Po spotkaniu Donalda Trumpa z Wołodymyrem Zełenskim w Białym Domu rozpętała się burza. Obie strony nie zdołały dojść do porozumienia, a głośno zrobiło się także o zachowaniu J.D Vance’a. Marcin Najman nie krył oburzenia tym, co zrobił wiceprezydent USA. — Powinien siedzieć i słuchać — stwierdził wprost, a to była jedna z jego delikatniejszych wypowiedzi.
Wołodymyr Zełenski spotkał się w piątek z Donaldem Trumpem w Białym Domu. Rozmowa w Gabinecie Owalnym na temat perspektyw zakończenia wojny Rosji przeciwko Ukrainie początkowo przebiegała w stosunkowo dobrej atmosferze, ale zakończyła się bezprecedensową kłótnią, w czasie której Trump i wiceprezydent J.D. Vance podniesionym głosem rugali Zełenskiego, oskarżając go o brak wdzięczności i szacunku dla USA.

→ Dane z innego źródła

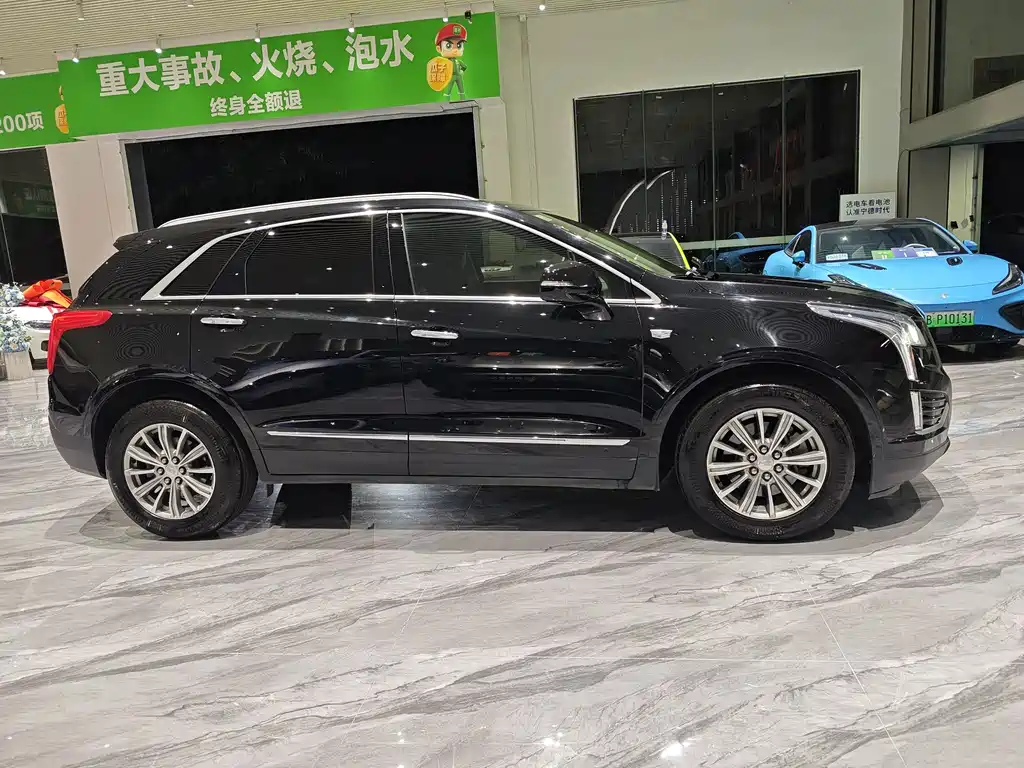 Cadillac XT5 — фото 4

Rozmowy w Białym Domu między Donaldem Trumpem a Wołodymyrem Zełenskim na temat zakończenia wojny między Moskwą a Kijowem zostały zerwane po tym, jak prezydent USA powiedział, że jego ukraiński odpowiednik “nie uszanował” Ameryki. To zachowanie Trumpa odbiło się szerokim echem w mediach społecznościowych, ale wiele osób zwracało uwagę także na zachowanie J.D Vance’a. Właśnie na tym polityku skupił się Marcin Najman.
No i nie podoba mi się ten Vance. Tak to jest, jak się dopuszcza do stołu rozmów bananowca, który jest ledwo po czterdziestce i niczego jeszcze w życiu poważnego nie przeżył i wp****ala się w rozmowę dwóch prezydentów, Zełenskiego i Trumpa” — nie ukrywał rozgoryczenia Marcin Najman
Trump później próbuje go z tych opresji ratować, mówi, że “nie, wcale nie mówi głośno”. A po co on się w ogóle wtrąca? To jest rozmowa dwóch prezydentów! Powinien siedzieć i słuchać” — powiedział, nie gryząc się w język.